Makaka, l’éditeur dont tu es le héros

Depuis 2007, année de sa création, Makaka se fait remarquer par son catalogue éclectique et original. Si vous n’êtes pas fan de bande dessinée, vous êtes peut-être passé à côté de cette maison d’édition au tempérament unique, qui a déjà permis à de nombreux auteurs encore inconnus de publier leur premier album. Par contre, si je vous dis “BD dont vous êtes le héros”, il est fort possible que vous ayez déjà repéré leurs ouvrages, à la frontière entre l’album illustré et le livre dont vous êtes le héros, sur un étal de libraire, dans les rayons d’une bibliothèque, ou sur la table de chevet d’une chambre d’enfant. Peut-être cela éveille-t-il en vous un souvenir ludique de votre jeunesse où vous parcouriez des livres d’aventure de cette collection mythique vendus à plus de 14 millions d’exemplaires en France, Un livre dont vous êtes le Héros (édition Gallimard Jeunesse), pesant vos décisions pour avancer dans une histoire à choix multiples.
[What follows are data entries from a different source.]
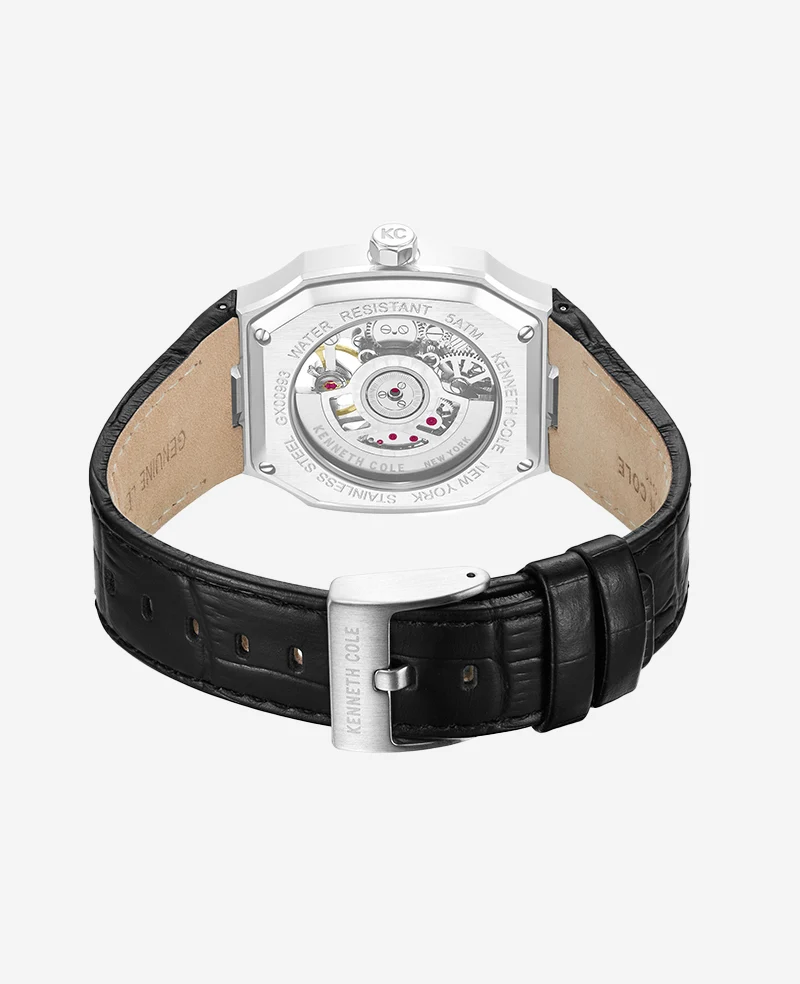 Skeleton Automatic Two-Tone Dial Leather Strap Watch - Image 3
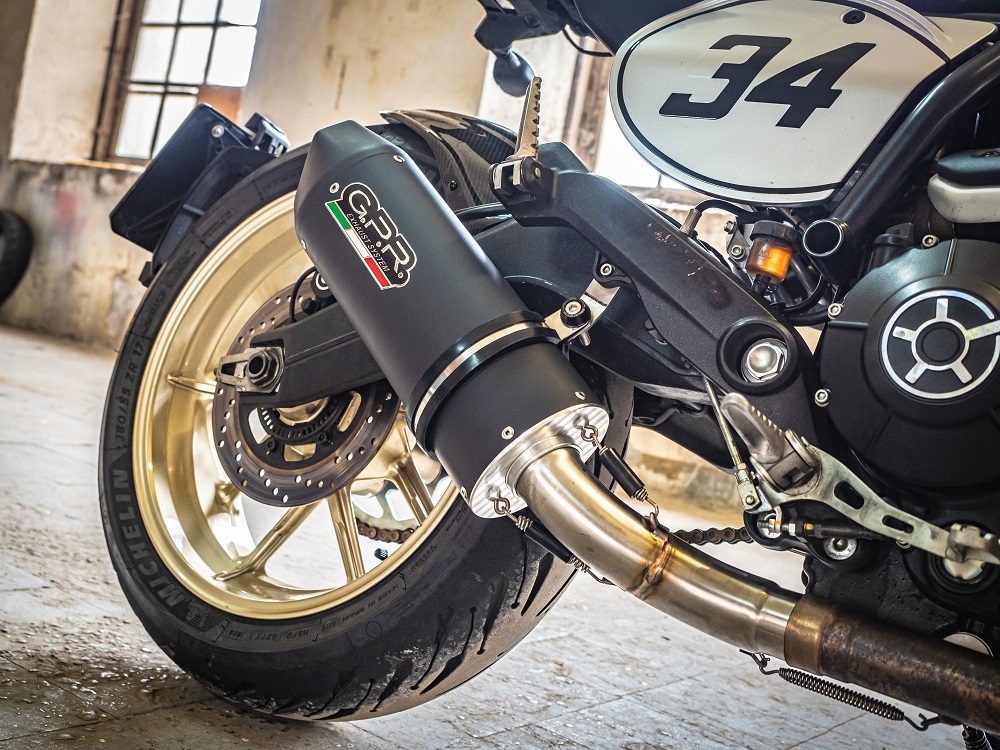 Exhaust compatible with Ducati Scrambler 803 2015-2016, Furore Nero, Slip-on exhaust including removable db killer and link pipe, not EPA-compliant 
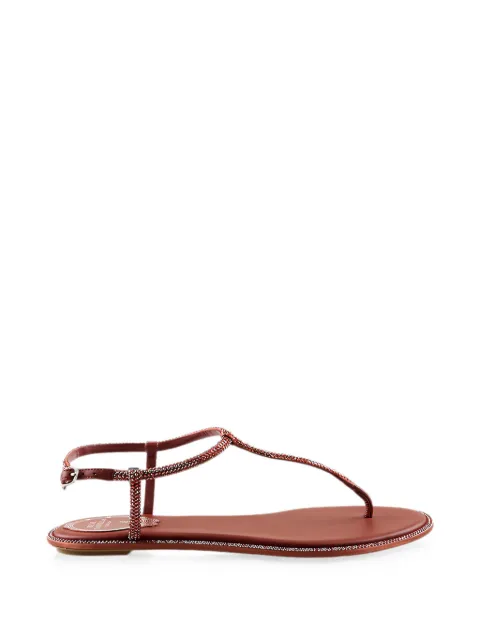 René Caovilla Diana crystal-embellished flat sandals Red C11574010R001Y338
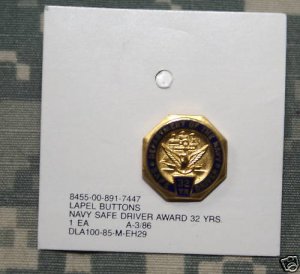 Navy Safe Driver Award 32 yrs of Service Lapel Pin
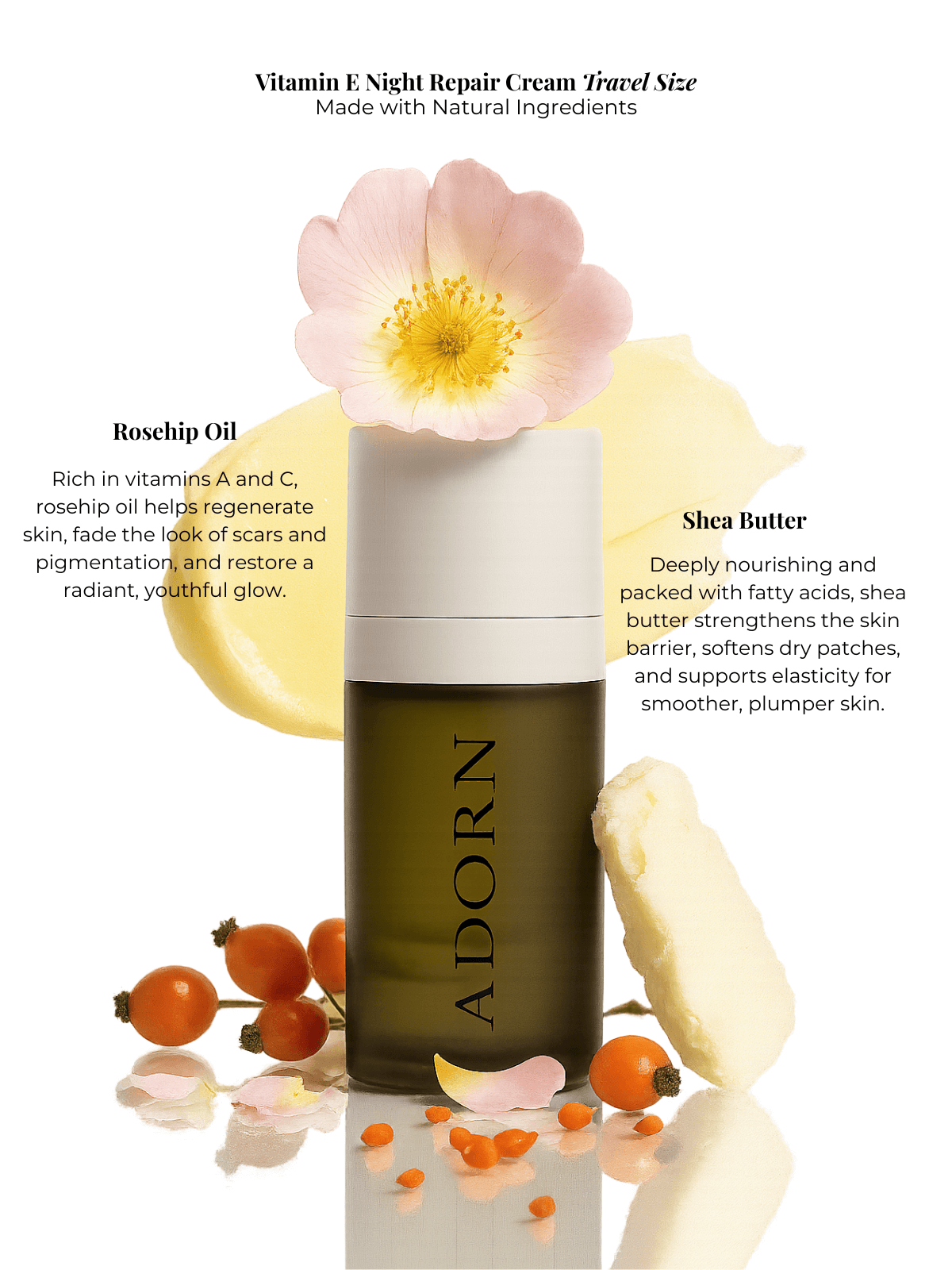 Vitamin E night repair cream travel size with natural ingredients like roship oil and shea butter, featuring a flower and fruits on a white background.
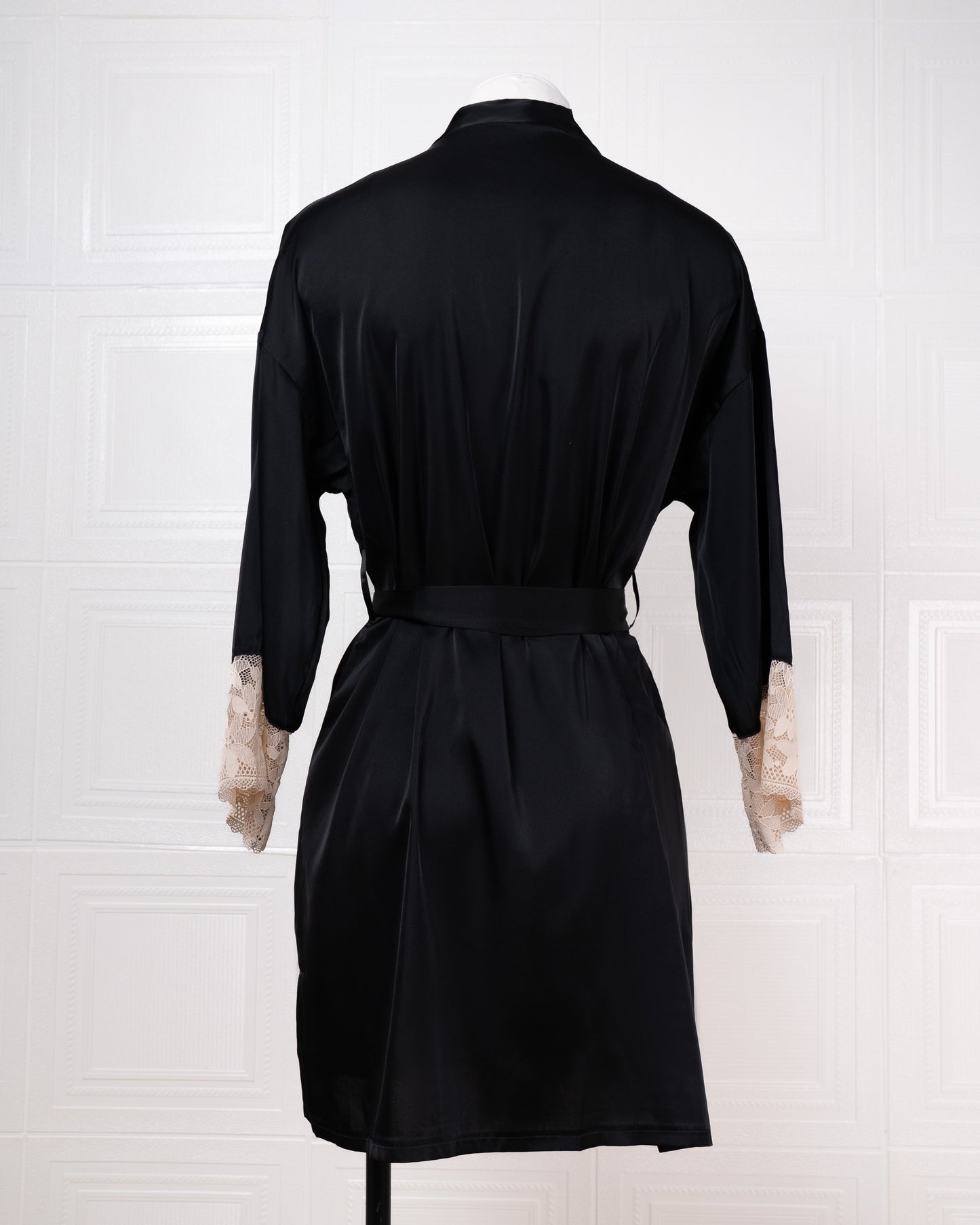 Silk Black Robe with Lace-trimmed Cuffs - Fever Lingeries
C’est en juin 2012 que les deux fondateurs de Makaka, Karine Laca et Shuky décident de créer une nouvelle collection basée sur ces livres de notre jeunesse en misant sur l’image et le panel de possibilités qu’offrent les histoires illustrées. Une bande dessinée pour tous où le lecteur prend le contrôle de l’aventure et où la trame narrative se cache aussi dans les détails de l’illustration. Et puis Kuala (ex « Baiam » just played ici) est arrivé en 2018 dans nos boutiques ludiques en collaboration avec Blue Orange, proposant une aventure graphique au gameplay plus assumé, flirtant avec le jeu narratif et n’hésitant à présenter cet ouvrage comme “Le Jeu dont vous êtes le Héros”.
Makaka a maintenant ses entrées dans les boutiques ludiques et depuis 2020 a ouvert sa gamme aux touts petits avec son premier tome
Chatons et dragons (just played ici) puis avec le titre Liguili : messager aventurier, nous offrant une bonne occasion pour faire le point et en savoir plus sur ce drôle d’éditeur.
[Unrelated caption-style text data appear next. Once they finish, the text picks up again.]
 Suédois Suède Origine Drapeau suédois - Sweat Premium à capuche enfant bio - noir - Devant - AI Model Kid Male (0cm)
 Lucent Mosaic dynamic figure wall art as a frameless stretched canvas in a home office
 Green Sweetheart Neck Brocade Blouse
Quelque part dans l’Ardèche nous attend Karine Laca, cofondatrice de Makaka, qui nous ouvre son album de souvenirs et nous livre les secrets de fabrication d’une bande-dessinée dont nous sommes le héros.

 

En 2007, vous fondez les éditions Makaka, alors qu’il n’y a pas beaucoup de place pour de nouveaux éditeurs dans ce milieu. Qu’est-ce qui vous a poussé à franchir le pas ?
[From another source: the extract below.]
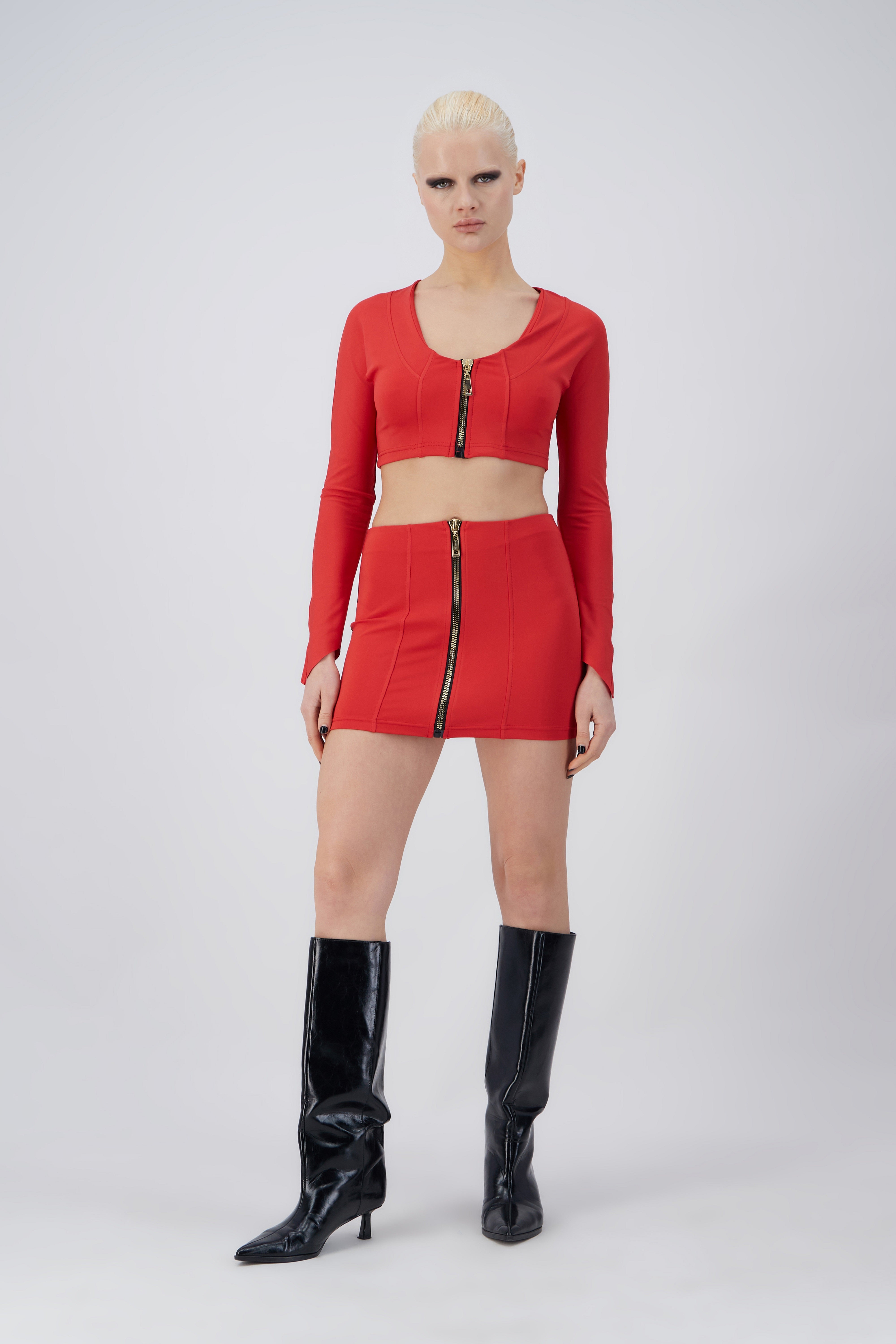 Motion Of Allure Red Mini Skirt With Zipper Detail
En 2006, en plein essor des blogs, mon comparse Shuky, scénariste depuis le biberon, me propose de créer un blog pour mettre en relation des scénaristes de BD et des dessinateurs. Le blog 30 jours de bd voit le jour en proposant à des binômes scénariste-dessinateur de poster gratuitement le fruit de leur travail sur le site avant de laisser la main le lendemain à d’autres auteurs. Face aux demandes grandissantes des artistes désireux d’être publiés sur le blog, nous avons vite été dépassés. Ne pouvant que constater la qualité des travaux proposés, il nous semblait alors impossible de laisser autant d’artistes talentueux sans éditeur et avons pris le pari un peu fou de créer une maison d’édition dès l’année 2007. Notre naïveté nous a permis de nous lancer dans le grand bain sans tenir compte des nombreux risques d’une telle entreprise, évitant par là même les doutes des entrepreneurs trop informés. La ligne directrice est restée la même depuis que nous avons créé Makaka, faire ce qui nous plait en mettant en valeur des narrations atypiques avec des gens que l’on aime et que l’on suit depuis le tout début de l’aventure.

 

Comment est venue cette idée d’associer le jeu et la lecture ? Il y a-t-il des joueurs dans l’équipe de Makaka ? Un souvenir de nos livres dont nous étions le héros ?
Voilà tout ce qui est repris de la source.